Now dip it fully into the ink and sweep it across the page. Touch the paper with the tip of the brush, then moving forward push the full width of the hair down on the page. Create a line this way. Without dipping it again, drag it dryly across the page. With dots, dashes, loops and different pressures, complete the series of lines to the bottom of the page. Pause and collect your thoughts. Consider this: your mind guides and monitors and your hand responds, but the hand can also excite the mind to new awareness. When the hand stops moving, the mind loses its stimulus so it is essential that the hand moves, taunting and stimulating the mind to greater sensitivity. If your hand is overcome by your minds desire for exactness and neatness, care and structure, the work will become arid and lifeless. Pin a fresh piece of paper to your board. Invent exciting marks by stabbing repeatedly, by bouncing the brush, flicking it, splashing and dripping it. Wet the paper with clean water, run ink into it, develop movements of rising and falling lines. Dont make patterns but textures. (Patterns are repeated shapes, textures are groupings of marks which suggest the feel of a particular surface.) Now take a new sheet and create an exciting water and ink mark like a blot in the centre of your paper. Direct it with more lines and splodges towards the 4 edges of the paper, noticing shapes that develop as well as the movement of the lines. On another sheet invent a new and dynamic brush alphabet of personal marks, working down, then up, then down the sheet until it is covered. Keep up a rhythm as you go. Watch the natural variation of the ink as you dip and fill and exhaust the brush - Van Gogh used this pulse of dark to light. It is like the life-giving pulse in our own bodies.

Mark making with a brush

The game of mark making with the brush can develop in many ways. Rembrandt invented endless mark-equivalents for landscape forms and wonderful new calligraphic shapes. Artists in the Far East have produced incredibly beautiful brush drawings. Look at drawings by Chinese and Japanese artists in particular. Try out all kinds of variations for yourself.

OCA student attempts various marks

Stage 5: pen
You have tried out the instant, tightly descriptive qualities of the pencil; the soft, dusty sensitivity of charcoal and the springy resilience of the brush. The pen, depending on the quality and thickness of its nib or tip, can be tightly descriptive, softly sensitive or resilient, capable in some ways of repeating the qualities of the 3 other drawing tools. In this exercise you will be exploring its superb texture-making qualities - using a fibre-tip pen. Pin a sheet of paper to your board. Take your pen and create a series of dots in a concentrated cluster of about 3 cm. (If you have the opportunity to compare your dot cluster with those of other students you will find that yours is expressively different from theirs.)

Fill a page or more with extended groups

Now build a similar cluster still using dots but find a way of meandering out of it and moving naturally into rhythms that echo each other.

Look, if you can, at a Van Gogh pen drawing, a portrait or landscape. He endlessly invents textured patterns that are expressive equivalents for water, sky, plants, rocks or facial features. Now create as many pattern textures as you can devise. Fill a page or more with extended groups of them, exploring what your pen can do.

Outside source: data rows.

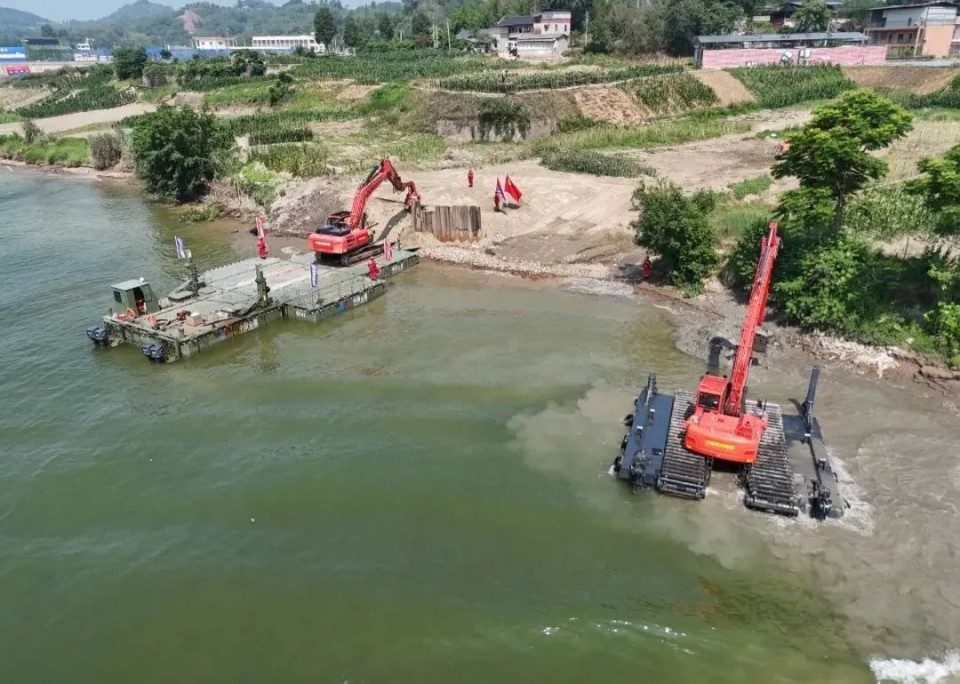 硬核破解“最后一公里”难题，江南网页版智能应急救援设备助力“应急使命·2025”演习！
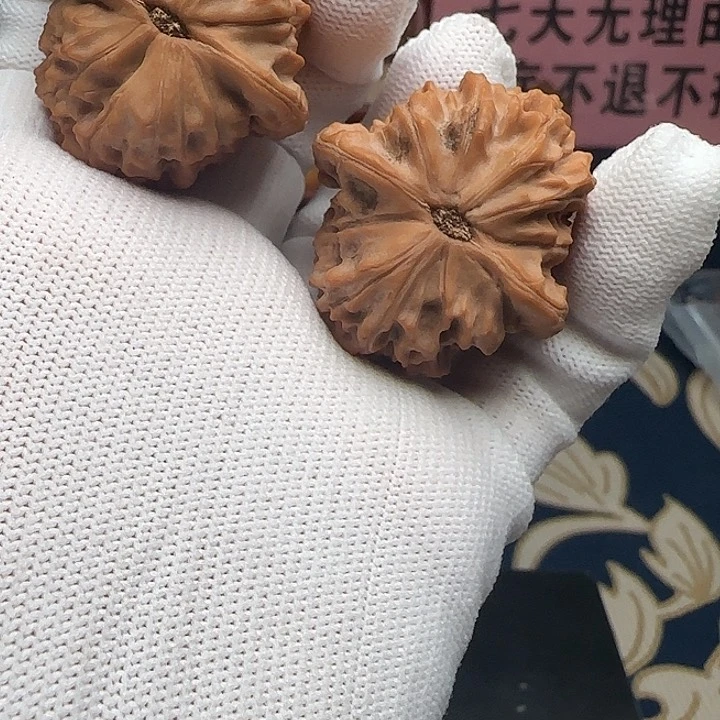 阿***兴桃核吊坠全品非嫁接马老四38➕福利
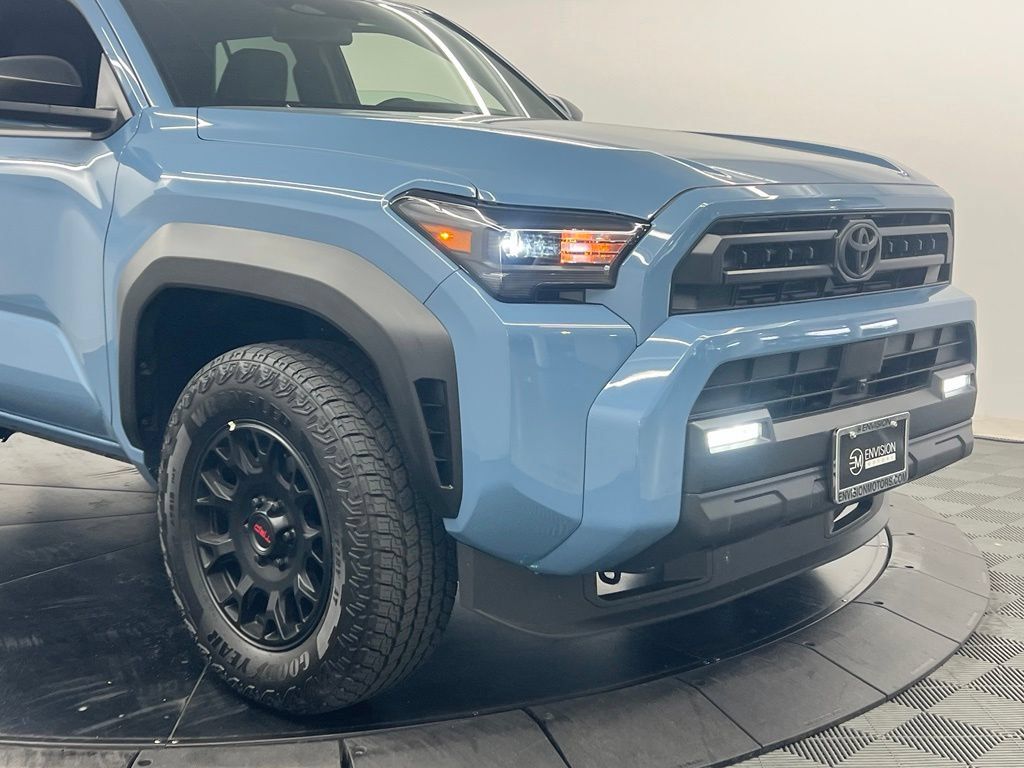 Used 2026 Toyota 4Runner SR5 AWD/4WD image 8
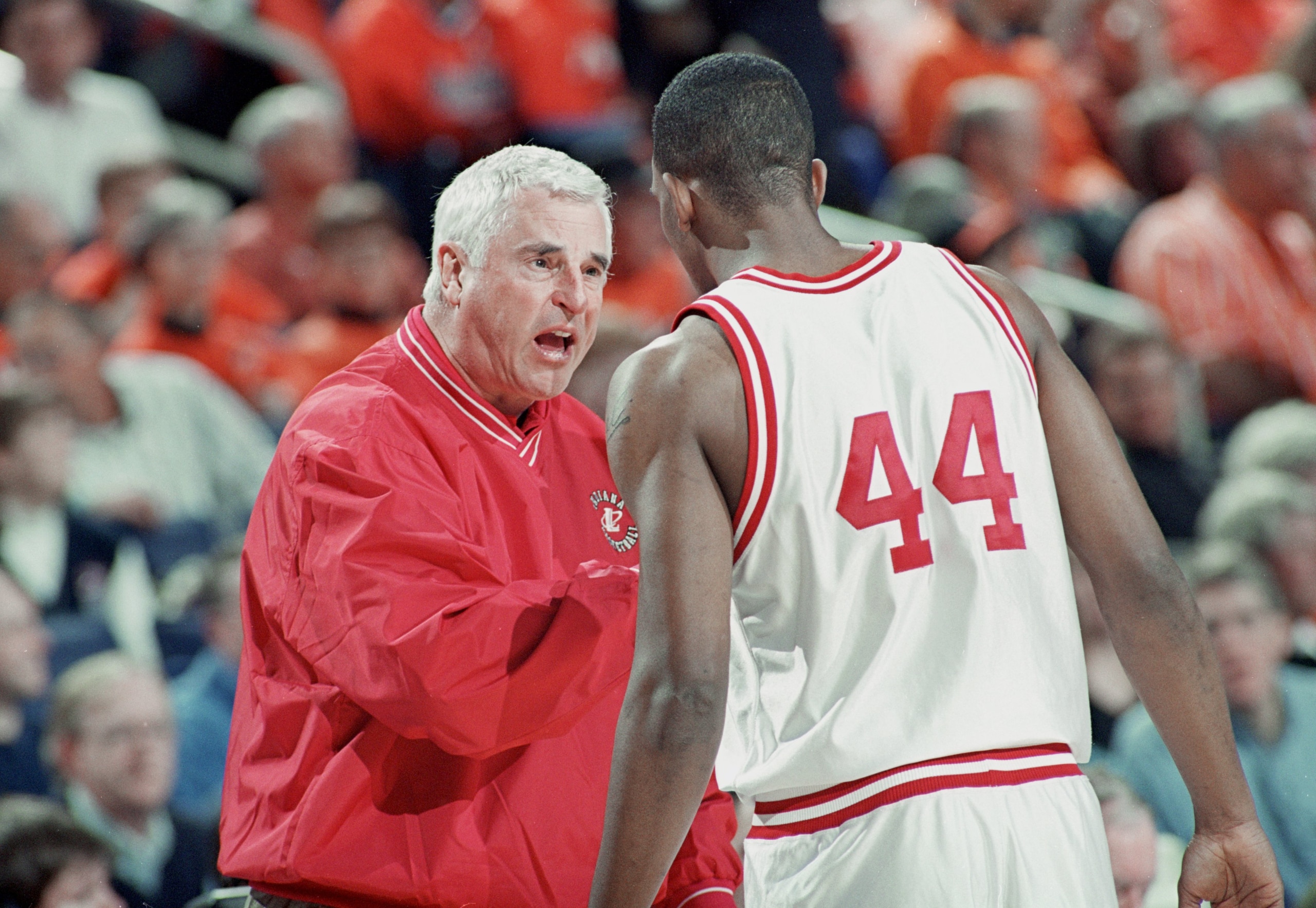 17 Mar 2000: Head Coach Bobby Knight of the Indiana Hoosiers talks to Lynn Washington #44 during round one of the NCAA Tournament Game against the Pepperdine Waves at the Marine Midland Arena in Buffalo, New York. The Waves defeated the Hoosiers 77-57. Ma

Stage 6: what have you achieved?


Now you have completed the exercises, cut several rectangular windows out of thin card or stiff paper. Vary the sizes from 5 cm x 12 cm upwards.

Look at your work through a card window

Run these windows over your sheets of paper until you find an abstract shape or set of marks that looks pleasing framed in this way. Try vertical as well as horizontal frames. You may be surprised at what you have done. Remind yourself that this small group of marks is every bit as much art as a drawing of recognisable objects. Textures and marks are an expression of feelings and

thoughts. They generate the energy that fuels the enthusiasm of the artist and are one of the means by which we recognise and identify her or him.